Unearthing the Secrets of the Monterey Shale
“It is perhaps ironic that the same dynamic geology that produced some of the greatest biodiversity on the planet — a biodiversity that has nurtured the condor and the kit fox and the leopard lizard over millennia — has also produced a substance that drives our economy and whose extraction may soon pose a threat to that same biodiversity, not to mention our groundwater, agriculture, and air quality.”

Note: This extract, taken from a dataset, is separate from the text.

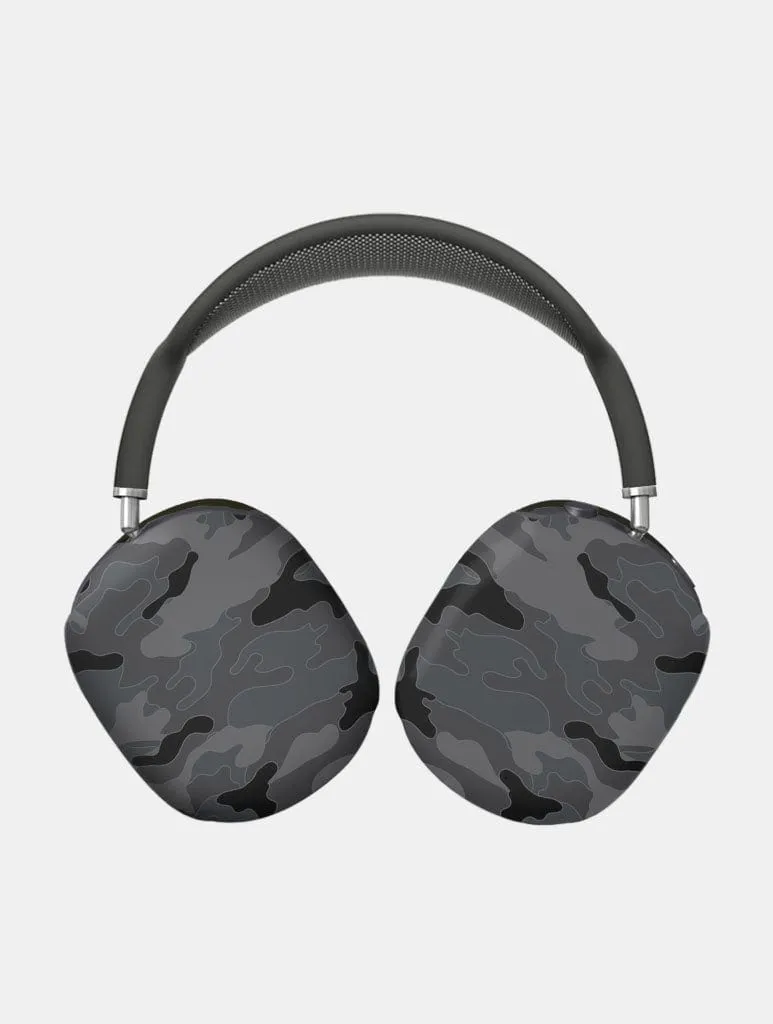 Black Camo AirPods Max Case in Matte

This article calls to mind several important issues. What is the role of beauty in conservation? Often people object to the exploitation or “spoiling” of a place or system based on its aesthetic merits. For instance, disliking the idea of fracking a scenic ridge. Pandering to us in this way is a valuable tool in mobilizing the public to care, and widely utilized (“save x cute animal”, “save y gorgeous forest”) perhaps since the damming of Hetch Hetchy, but, is it constructive? While it compels people to care in the short term by appealing to their sentimentality, does it serve at all to educate them about the often invisible complexities, ramifications, and importance of natural systems? To say we must save the wolves because they are lovely and majestic undercuts the importance the apex consumer has to the trophic system. At worst, appeals framed in this way are misinformation, as they imply that an organism’s merit is chiefly in its anthropocentric usefulness or allure. In the specific case of the Monterey shale formations, much of the flora and fauna (sage and lizards) are not traditionally beautiful and beg little attention. It must certainly be in our better interest to frame these arguments not on “please give, I’m cute!” standards, but rather to try to better educate people about biodiversity loss and bio regionalism.